JOSEP CARRERAS LEUKAEMIA RESEARCH INSTITUTE
IMAGE: DR. GRAUPERA WITH THE MAIN RESEARCHERS OF THE PUBLICATION. LEFT TO RIGHT: ODENA VILALTA, LEONOR GOUVEIA, SANDRA CASTILLO, MARIONA GRAUPERA, HELENA SABATA, ANA ANGULO AND LAIA MUIXÍ.
CREDIT: JOSEP CARRERAS LEUKAEMIA RESEARCH INSTITUTE
- Researchers from the Josep Carreras Leukaemia Research Institute find miransertib could reduce vascular malformations related to mutations in the PI3K pathway.
- The research uses a new, fast and reliable in vivo model for blood vessels formation capable to accelerate drug discovery in the field of vascular malformations.
- While still in the preclinical stage, the research opens new therapeutic approaches for PI3K-related diseases, the most common cause of vascular malformations.
Barcelona, June 14. A team of researchers led by Dr. Sandra Castillo and Dr. Mariona Graupera, from the Josep Carreras Leukaemia Research Institute and member of the CIBERONC, have found the AKT inhibitor miransertib could be a new molecular treatment effective against low-flow vascular malformations, a long-awaited milestone. Their results, published at the journal EMBO Molecular Medicine, are based on a new in vivo model of blood vessels growth (angiogenesis) that could become the gold standard for this kind of studies in the short term.
Vascular malformations are a heterogeneous group of diseases characterized by an abnormal growth of blood vessels with a major impact on the patients’ quality of life.

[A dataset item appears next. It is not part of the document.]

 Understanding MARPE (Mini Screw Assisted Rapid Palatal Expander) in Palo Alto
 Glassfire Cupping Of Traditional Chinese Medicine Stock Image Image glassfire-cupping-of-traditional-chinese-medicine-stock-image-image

These alterations happen anywhere in the body and originate mostly during embryonic development. Either as part of a known syndrome or spontaneous, they usually involve mutations leading to the overactivation of PI3K, a key protein in the internal crosstalk of endothelial cells.
Castillo and Graupera discovered in 2016, in collaboration with Dr. Josep Baselga and Dr. Eulàlia Baselga, that vascular malformations were caused by mutations in PI3K. Since then, inhibitors of the PI3K pathway have been the most obvious candidates to treat these diseases, but a poor understanding of the onset and progression of vascular malformations has hindered major advances so far. The reported results, still in the preclinical arena and far from an actual clinical approach, take the first steps to find molecular features to target with specific drugs.
By using a new mouse retina-derived in vivo model, the researchers have been able to mimic the formation of low-flow vascular malformations and determine that, indeed, the PI3K/AKT signaling pathway is the main affected cellular route. According to the research, mutations in the catalytic domain of PI3K seem to trigger a proliferative state in endothelium cells, those lining the inner part of blood vessels, leading to the formation of the characteristic lesions of the disease.
Piotr Kobialka and Helena Sabata, authors of the research, induced the vascular malformations in mutant mice and then treated them with miransertib, an AKT inhibitor used in anticancer therapy. The researchers reported that, in the model, endothelial cells responded to treatment by reducing its proliferation and its capacity to form altered vasculature. These results were further confirmed by using isolated endothelial cells from actual patients, in vitro.
Furthermore, researchers found that active angiogenesis is needed for the malformations to take place, explaining why low-flow alterations are seldomly produced in adulthood, opening the door to preventive strategies in patients already bearing PI3K mutations. In those patients, abnormal blood vessel formation may happen during their life after wound healing or due to hormonal changes.
Overall, the research proposes the first promising candidate for a future molecular therapy on low-flow vascular malformations and offers a fast and robust preclinical model to study angiogenesis in vivo and develop new and more advanced therapies in the short term.
The current research has been the first collaboration with Dr. Eulàlia Baselga, from Sant Joan de Déu Pediatric Hospital, and involved top level scientists from the Javierre Lab, also at the Carreras Institute, the Uppsala University, the Center for Genomic Regulation and the Hospital de Sant Pau.